Hmm, yeah, it might have started to happen now
since device seems to be more in use now
(read: pristine factory status now gone, thus all blocks used,
thus it now actively needs to do erase block processing,
and if that has annoying weaknesses, then......).
So yeah, that might hint at annoyingly strong weaknesses
(annoyingly weak strongness ;)
in flash management implementation.



bonnie++ -s512 -r256 -d bonnie_test
Writing a byte at a time...done
Writing intelligently...done
Rewriting...done
Reading a byte at a time...done
Reading intelligently...done
start 'em...done...done...done...done...done...
Create files in sequential order...done.
Stat files in sequential order...done.
Delete files in sequential order...done.
Create files in random order...done.
Stat files in random order...done.
Delete files in random order...done.
Version 1.97 ------Sequential Output------ --Sequential Input- --Random-
Concurrency 1 -Per Chr- --Block-- -Rewrite- -Per Chr- --Block-- --Seeks--
Machine Size K/sec %CP K/sec %CP K/sec %CP K/sec %CP K/sec %CP /sec %CP
mint 512M 110 72 5173 3 5721 1 704 98 +++++ +++ 91.0 1
Latency 6428ms 2545ms 2241ms 26638us 64us 7248us
Version 1.97 ------Sequential Create------ --------Random Create--------
mint -Create-- --Read--- -Delete-- -Create-- --Read--- -Delete--
files /sec %CP /sec %CP /sec %CP /sec %CP /sec %CP /sec %CP
16 1624 7 +++++ +++ 3263 11 3676 19 +++++ +++ 10935 49
Latency 1061us 1950us 1766us 555us 257us 993us
1.97,1.97,mint,1,1458889676,512M,,110,72,5173,3,5721,1,704,98,+++++,+++,91.0,1,16,,,,,1624,7,+++++,+++,3263,11,3676,19,+++++,+++,10935,49,6428ms,2545ms,2241ms,26638us,64us,7248us,1061us,1950us,1766us,555us,257us,993us



I haven't had the "opportunity" to do another reboot yet,
thus I couldn't check whether behaviour is now different.

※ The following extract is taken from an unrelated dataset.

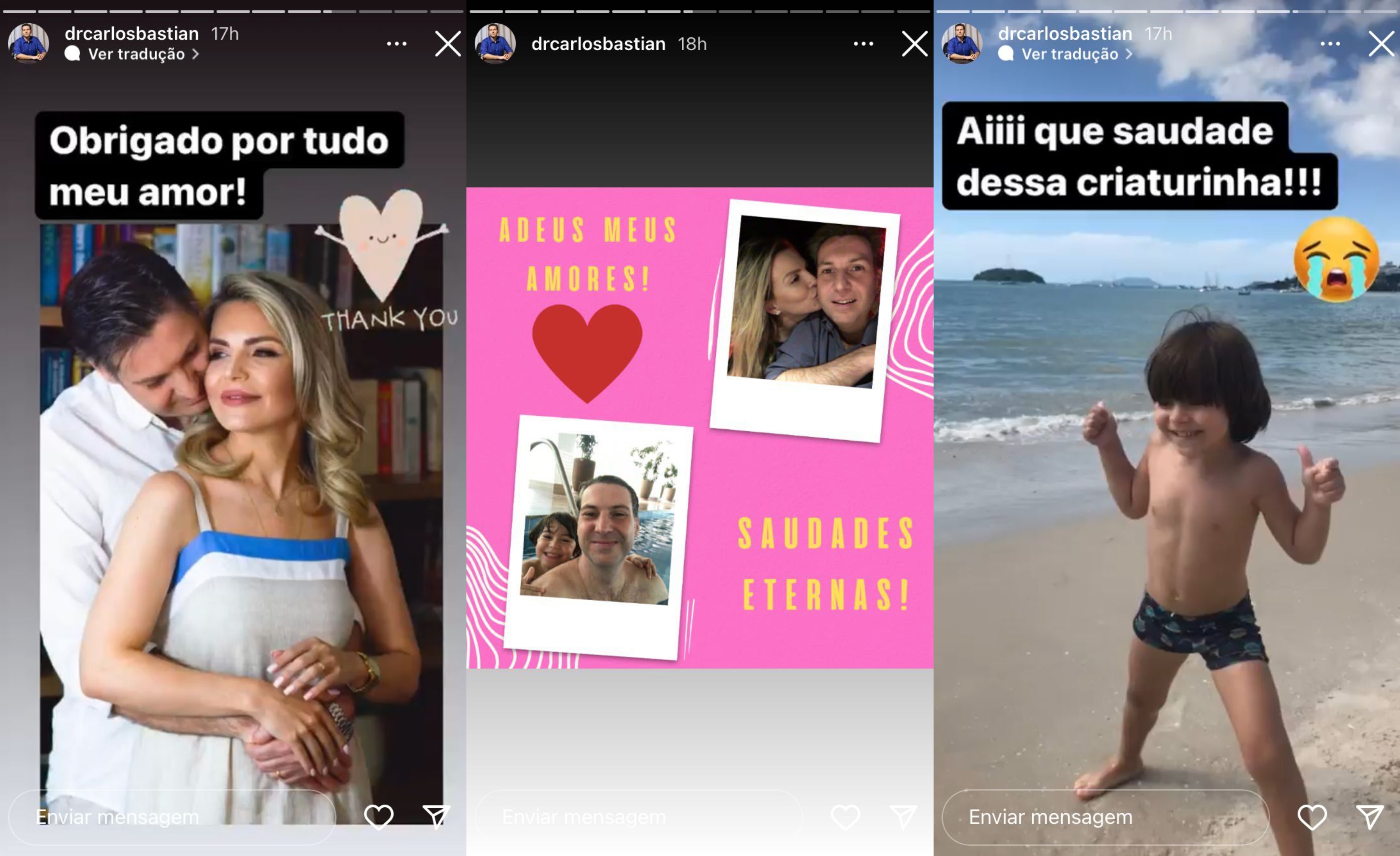 Carlos Bastian, o marido da apresentadora Mariana de Abreu, publicou stories lamentando a morte da esposa e do filho de quatro anos, Ricardo - Instagram/@drcarlosbastian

> > Thus, the question here would be
> > which parts may need to be sufficiently improved
> > to achieve an acceptable level of usability.
> > I'd think that even simply adding a message
> > that one is about to enter a potentially longer-term operation
> > (with a details message such as "recovery")
> > rather than "standard" mount activity
> > would be sufficient,
> > both for text boot *and* GUI boot with some sufficiently accessible
> > "boot details" window.
>
> Well, we could, but on most devices, it's largely wasted. Perhaps the
> more interesting question is why is your USB stick so slow? Because
> that's going to have a much larger usability issue for you...

Hmm, ok, I guess I could accept
not having a pre-recovery announcement done
if recovery is fully intended to be rather fast always.
Still, in my case status reporting then ended up sufficiently irritating,
due to rather unexpected behaviour (probably of this stick).

> Cheers,
>
> - Ted

Thank you!
(and apologies for the large delay in replying)

Andreas Mohr

--
GNU/Linux. It's not the software that's free, it's you.